Seems ratekeeper was throttling, so you should start looking at RkUpdate trace events in its log, where each entry has something like ID="c78b41de2e8e417d" TPSLimit="45698.1" Reason="2". The reason is the one we are looking for, corresponds to values defined here.
Hi Steve, thank you for getting back on this, here’s the data you requested.
Which FDB version are you using?
FoundationDB 6.2 (v6.2.15)
source version 20566f2ff06a7e822b30e8cfd91090fbd863a393
protocol fdb00b062010001
Which storage engine?
onfiguration:
Redundancy mode - double
Storage engine - ssd-2
Coordinators - 6
Exclusions - 31 (type `exclude' for details)
Desired Proxies - 12
Desired Resolvers - 8
Desired Logs - 12
Cluster:
FoundationDB processes - 308 (less 2 excluded; 0 with errors)
Zones - 24
Machines - 24
Memory availability - 5.5 GB per process on machine with least available
Retransmissions rate - 1 Hz
Fault Tolerance - 1 machine
Server time - 02/01/24 17:33:58
Data:
Replication health - Healthy
Moving data - 0.000 GB
Sum of key-value sizes - 4.770 TB
Disk space used - 12.933 TB
Operating space:
Storage server - 1338.7 GB free on most full server
Log server - 826.1 GB free on most full server
Workload:
Read rate - 127406 Hz
Write rate - 6424 Hz
Transactions started - 100350 Hz
Transactions committed - 233 Hz
Conflict rate - 9 Hz
What is the key locality of your writes?
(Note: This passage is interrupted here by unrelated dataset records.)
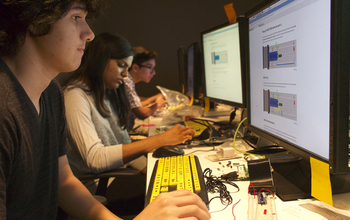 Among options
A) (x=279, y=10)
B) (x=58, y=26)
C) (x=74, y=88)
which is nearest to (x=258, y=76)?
(x=279, y=10)

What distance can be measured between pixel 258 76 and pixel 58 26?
658 millimetres

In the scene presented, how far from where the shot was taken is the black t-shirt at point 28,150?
0.51m

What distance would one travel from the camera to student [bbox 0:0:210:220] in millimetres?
521

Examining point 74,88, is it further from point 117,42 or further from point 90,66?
point 117,42

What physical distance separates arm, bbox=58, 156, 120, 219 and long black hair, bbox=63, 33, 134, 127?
0.52 m

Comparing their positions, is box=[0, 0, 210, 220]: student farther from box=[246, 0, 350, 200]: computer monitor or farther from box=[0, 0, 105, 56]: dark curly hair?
box=[246, 0, 350, 200]: computer monitor

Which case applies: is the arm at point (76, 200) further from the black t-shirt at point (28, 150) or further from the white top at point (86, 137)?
the white top at point (86, 137)

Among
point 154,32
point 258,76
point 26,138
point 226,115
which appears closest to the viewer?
point 26,138

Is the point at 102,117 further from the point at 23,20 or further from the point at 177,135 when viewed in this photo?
the point at 23,20

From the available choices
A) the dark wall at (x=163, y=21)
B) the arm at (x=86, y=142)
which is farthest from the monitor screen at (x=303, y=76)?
the dark wall at (x=163, y=21)

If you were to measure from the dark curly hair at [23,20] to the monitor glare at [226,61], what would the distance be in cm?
69

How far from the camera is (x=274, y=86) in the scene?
0.75 meters

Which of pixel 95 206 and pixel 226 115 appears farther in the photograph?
pixel 226 115

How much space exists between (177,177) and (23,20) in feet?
1.89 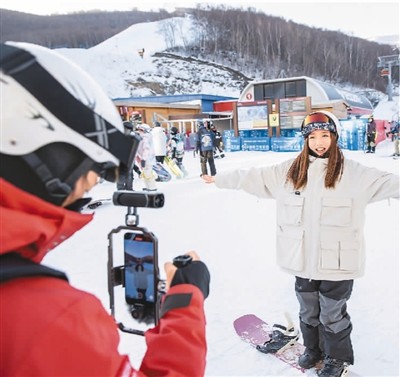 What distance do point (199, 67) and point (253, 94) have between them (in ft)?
107

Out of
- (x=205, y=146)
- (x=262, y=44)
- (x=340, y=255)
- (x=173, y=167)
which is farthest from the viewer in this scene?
(x=262, y=44)

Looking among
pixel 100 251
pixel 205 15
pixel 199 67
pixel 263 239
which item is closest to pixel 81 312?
pixel 100 251

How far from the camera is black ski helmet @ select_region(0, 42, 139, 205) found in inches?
31.1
Are they random/scattered or are they mostly sequential/adjacent?
Mostly random/scattered as they are UUIDs + app id combination
What kind of disks are you using?
NVME (instance store)
Are you placing >1 storage server on a disk volume?
Yes
Does each storage server have 1 physical CPU core to use?
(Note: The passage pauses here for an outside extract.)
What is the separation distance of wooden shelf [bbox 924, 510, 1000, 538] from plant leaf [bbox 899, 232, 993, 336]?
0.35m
Yes, we don’t see anywhere near full CPU/disk usage as shown in the original post.
Random writes are a worst-case IO pattern and the ssd-2 engine does not handle it well because it will incur many serial disk latencies on the write path, so you could be IO bound on the Storage Servers which causes their Storage Queue to build up and then Ratekeeper to limit. As @jzhou said you should look at the RkUpdate events to see what the limiting reason is.